ENID, Okla. — The year 2017 was an eventful one for Enid and Northwest Oklahoma.

It was full of good news and bad news, triumph and tragedy.

Of all the stories that made headlines throughout of the year, Enid News & Eagle staff members voted on the top 10.

The top two local news stories for 2017 shook the Enid community to its core.

In one event, a former mayor and bank vice president was brought up on fraud charges accusing him of using other people’s names to take out loans. In the other, the Garfield County sheriff and several jail employees were charged in the death of a man at Garfield County Detention Facility in 2016.

• Updated: Massive explosion at oil tank battery west of Waukomis kills 1 (Jan. 18, 2017)
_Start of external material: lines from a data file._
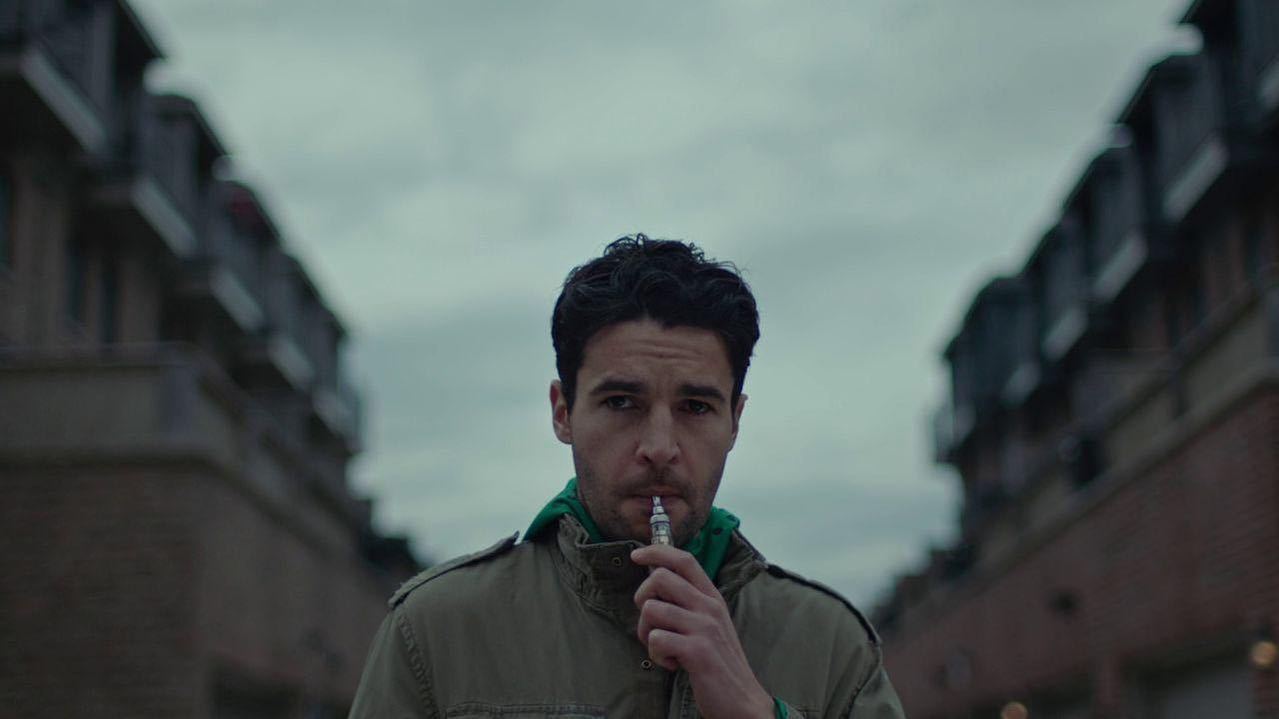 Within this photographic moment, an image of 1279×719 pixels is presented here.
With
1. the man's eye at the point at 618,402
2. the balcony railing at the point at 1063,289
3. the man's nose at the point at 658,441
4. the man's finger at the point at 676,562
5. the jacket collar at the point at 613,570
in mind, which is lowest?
the man's finger at the point at 676,562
We also look back at leadership changes at the city, the death of a teacher in a head-on collision and the subsequent murder charge, a new city attorney, sentencing on a bogus cancer claim, developments on the downtown hotel, Vance Air Force Base keeping some of its planes on the ground, a tragedy at Champlin Municipal Swimming Pool and the disturbing discovery of a baby’s body found in a trash dumpster.
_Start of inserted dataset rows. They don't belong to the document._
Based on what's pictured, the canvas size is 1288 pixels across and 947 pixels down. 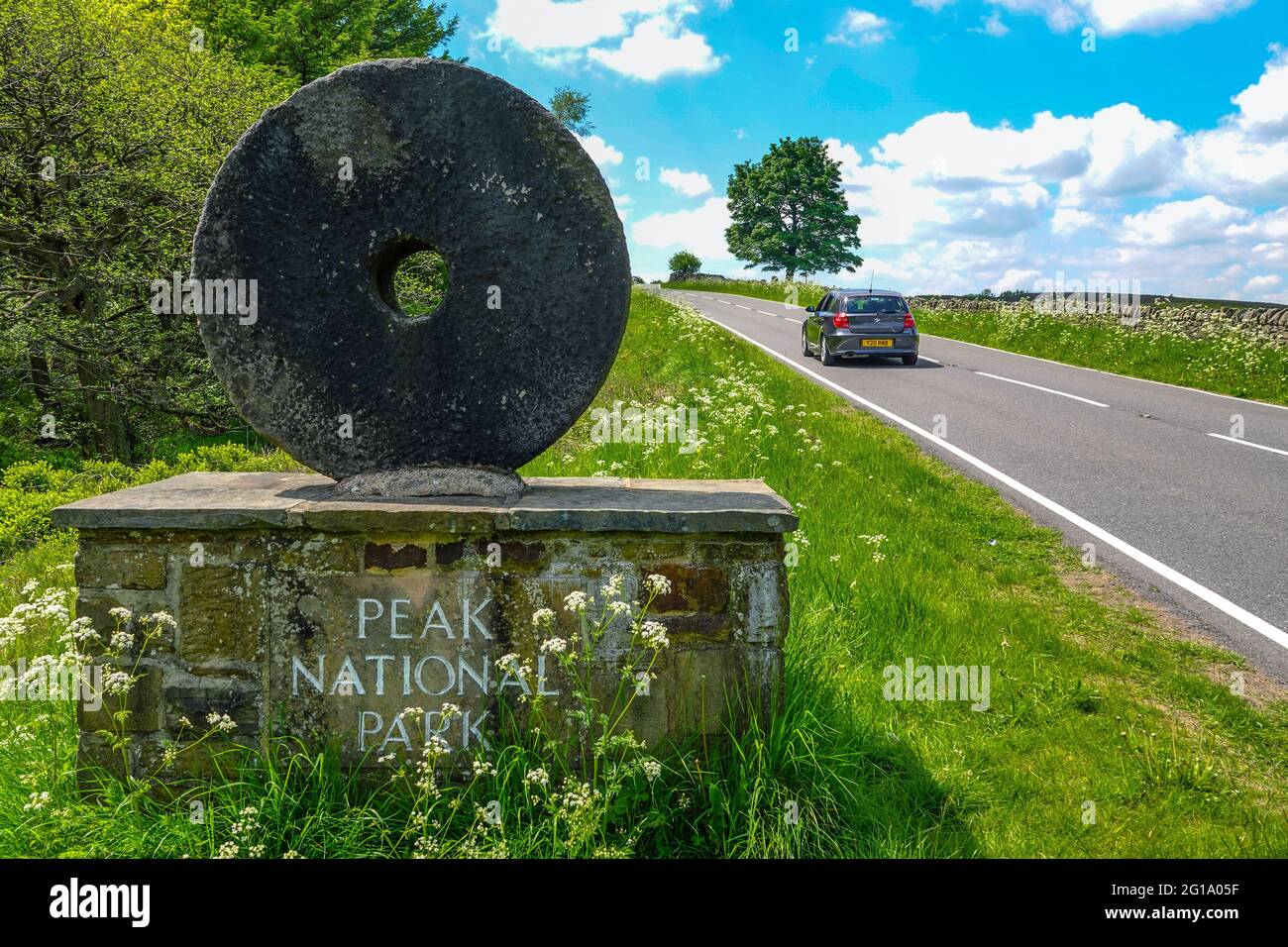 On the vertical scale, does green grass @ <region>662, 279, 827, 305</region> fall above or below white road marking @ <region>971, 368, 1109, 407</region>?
above

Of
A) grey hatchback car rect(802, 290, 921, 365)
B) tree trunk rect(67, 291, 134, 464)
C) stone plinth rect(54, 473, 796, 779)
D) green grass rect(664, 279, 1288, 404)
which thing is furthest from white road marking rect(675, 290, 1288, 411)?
tree trunk rect(67, 291, 134, 464)

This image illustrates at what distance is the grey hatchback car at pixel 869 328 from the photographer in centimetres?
1641

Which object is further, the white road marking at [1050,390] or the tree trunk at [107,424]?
the tree trunk at [107,424]

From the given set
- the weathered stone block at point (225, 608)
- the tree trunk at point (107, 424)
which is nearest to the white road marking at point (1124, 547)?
the weathered stone block at point (225, 608)

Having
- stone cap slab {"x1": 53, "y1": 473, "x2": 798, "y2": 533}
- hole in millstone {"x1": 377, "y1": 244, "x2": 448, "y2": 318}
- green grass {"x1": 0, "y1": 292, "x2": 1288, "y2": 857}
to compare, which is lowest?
green grass {"x1": 0, "y1": 292, "x2": 1288, "y2": 857}

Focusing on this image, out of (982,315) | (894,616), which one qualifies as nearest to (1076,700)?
(894,616)

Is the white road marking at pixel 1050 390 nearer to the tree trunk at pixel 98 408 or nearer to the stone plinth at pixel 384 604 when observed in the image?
the stone plinth at pixel 384 604

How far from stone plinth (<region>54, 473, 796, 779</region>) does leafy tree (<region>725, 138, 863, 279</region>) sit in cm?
5467

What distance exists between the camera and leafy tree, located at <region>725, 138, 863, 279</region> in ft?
183

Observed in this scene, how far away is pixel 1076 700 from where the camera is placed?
163 inches

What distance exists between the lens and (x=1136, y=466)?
8680 millimetres

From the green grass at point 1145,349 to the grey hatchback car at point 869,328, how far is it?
4244mm

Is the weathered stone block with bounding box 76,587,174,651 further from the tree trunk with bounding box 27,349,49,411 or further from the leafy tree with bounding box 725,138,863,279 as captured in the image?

1. Currier faces fraud charges

Former Enid mayor and bank vice president Ersnt “Ernie” Leroy Currier was arraigned in November on 33 felony charges related to what authorities said was $ 6.2 million worth of fraudulently obtained loans.
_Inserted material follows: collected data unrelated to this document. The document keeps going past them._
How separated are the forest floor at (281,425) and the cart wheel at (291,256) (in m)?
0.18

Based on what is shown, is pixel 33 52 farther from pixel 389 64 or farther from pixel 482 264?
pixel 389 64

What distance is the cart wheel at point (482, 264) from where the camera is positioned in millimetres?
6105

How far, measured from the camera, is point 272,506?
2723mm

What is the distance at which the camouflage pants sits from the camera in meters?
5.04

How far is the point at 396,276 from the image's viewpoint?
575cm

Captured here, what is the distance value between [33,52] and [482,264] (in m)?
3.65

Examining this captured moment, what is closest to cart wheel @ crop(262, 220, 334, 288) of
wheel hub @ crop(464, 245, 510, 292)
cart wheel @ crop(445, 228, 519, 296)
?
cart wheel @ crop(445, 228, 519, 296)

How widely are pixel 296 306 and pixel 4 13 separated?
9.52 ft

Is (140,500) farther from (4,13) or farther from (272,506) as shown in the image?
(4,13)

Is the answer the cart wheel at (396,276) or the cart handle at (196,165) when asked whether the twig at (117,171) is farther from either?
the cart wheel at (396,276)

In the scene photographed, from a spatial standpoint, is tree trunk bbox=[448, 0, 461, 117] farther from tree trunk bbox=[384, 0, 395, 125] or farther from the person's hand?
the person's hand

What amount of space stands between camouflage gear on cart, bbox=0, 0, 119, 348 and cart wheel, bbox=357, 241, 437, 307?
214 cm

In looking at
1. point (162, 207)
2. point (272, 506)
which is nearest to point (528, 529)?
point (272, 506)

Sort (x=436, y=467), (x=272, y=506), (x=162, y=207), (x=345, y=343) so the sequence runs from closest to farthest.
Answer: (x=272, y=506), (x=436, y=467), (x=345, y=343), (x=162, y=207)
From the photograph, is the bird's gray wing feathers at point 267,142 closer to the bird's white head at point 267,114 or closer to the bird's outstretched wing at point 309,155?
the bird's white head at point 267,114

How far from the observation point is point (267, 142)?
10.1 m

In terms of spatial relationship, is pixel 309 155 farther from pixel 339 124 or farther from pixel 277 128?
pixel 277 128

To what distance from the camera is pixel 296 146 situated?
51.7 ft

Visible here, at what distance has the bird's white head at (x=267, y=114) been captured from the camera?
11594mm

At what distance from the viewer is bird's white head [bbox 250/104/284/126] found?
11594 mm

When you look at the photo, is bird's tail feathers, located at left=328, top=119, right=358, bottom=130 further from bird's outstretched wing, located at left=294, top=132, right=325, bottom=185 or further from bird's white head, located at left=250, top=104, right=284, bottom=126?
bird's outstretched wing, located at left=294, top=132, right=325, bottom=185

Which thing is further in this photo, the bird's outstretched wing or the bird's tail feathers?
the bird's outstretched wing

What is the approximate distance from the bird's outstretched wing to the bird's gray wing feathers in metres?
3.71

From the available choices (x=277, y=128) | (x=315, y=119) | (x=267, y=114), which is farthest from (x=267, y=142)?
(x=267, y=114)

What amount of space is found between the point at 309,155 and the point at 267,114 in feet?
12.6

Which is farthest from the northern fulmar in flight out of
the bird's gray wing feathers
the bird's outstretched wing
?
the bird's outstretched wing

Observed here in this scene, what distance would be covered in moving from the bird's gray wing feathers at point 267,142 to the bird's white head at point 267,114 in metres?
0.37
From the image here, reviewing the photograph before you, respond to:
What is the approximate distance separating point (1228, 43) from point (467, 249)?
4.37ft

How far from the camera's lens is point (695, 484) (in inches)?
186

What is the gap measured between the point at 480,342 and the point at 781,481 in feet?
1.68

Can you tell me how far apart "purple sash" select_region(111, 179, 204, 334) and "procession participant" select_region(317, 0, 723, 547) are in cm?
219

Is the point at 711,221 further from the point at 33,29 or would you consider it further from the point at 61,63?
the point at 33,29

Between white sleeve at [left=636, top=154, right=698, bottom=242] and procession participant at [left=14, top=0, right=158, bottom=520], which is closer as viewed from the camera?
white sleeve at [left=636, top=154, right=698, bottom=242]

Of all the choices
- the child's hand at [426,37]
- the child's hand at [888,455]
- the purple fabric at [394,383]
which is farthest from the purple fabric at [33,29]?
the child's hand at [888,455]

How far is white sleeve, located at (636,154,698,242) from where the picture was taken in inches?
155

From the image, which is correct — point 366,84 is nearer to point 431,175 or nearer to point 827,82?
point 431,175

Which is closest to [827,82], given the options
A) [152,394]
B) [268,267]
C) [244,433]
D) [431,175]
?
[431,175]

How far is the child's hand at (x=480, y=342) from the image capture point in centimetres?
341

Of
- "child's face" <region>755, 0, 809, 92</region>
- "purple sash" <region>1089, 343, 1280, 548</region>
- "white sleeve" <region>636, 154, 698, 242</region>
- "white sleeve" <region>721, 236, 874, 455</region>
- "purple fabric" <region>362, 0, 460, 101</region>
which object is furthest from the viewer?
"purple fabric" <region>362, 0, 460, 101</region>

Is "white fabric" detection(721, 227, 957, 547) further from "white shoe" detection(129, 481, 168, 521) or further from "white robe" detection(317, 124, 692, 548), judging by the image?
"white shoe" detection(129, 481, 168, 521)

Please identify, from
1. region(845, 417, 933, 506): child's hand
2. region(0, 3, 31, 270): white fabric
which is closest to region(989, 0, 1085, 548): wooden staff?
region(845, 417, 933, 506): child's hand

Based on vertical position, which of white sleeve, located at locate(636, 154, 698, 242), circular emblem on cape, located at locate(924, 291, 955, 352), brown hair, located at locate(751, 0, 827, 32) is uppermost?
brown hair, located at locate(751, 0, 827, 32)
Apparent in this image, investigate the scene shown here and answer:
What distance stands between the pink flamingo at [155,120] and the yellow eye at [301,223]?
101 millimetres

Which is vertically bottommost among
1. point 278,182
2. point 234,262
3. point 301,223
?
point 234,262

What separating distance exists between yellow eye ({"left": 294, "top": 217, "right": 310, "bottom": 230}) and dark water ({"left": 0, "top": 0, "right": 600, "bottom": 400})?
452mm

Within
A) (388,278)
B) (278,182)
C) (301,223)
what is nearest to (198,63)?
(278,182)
Currier, 64, was charged Nov. 14 with 33 total counts: one count of misapplication of funds, one count of unlawful proceeds, seven counts of false personation, 12 counts of second-degree forgery and 12 counts of obtaining money by false pretenses. He faces up to 299 years in prison, fines of up to $ 160,000 and civil penalties of up to three times the value of the property involved in the transaction on all the charges.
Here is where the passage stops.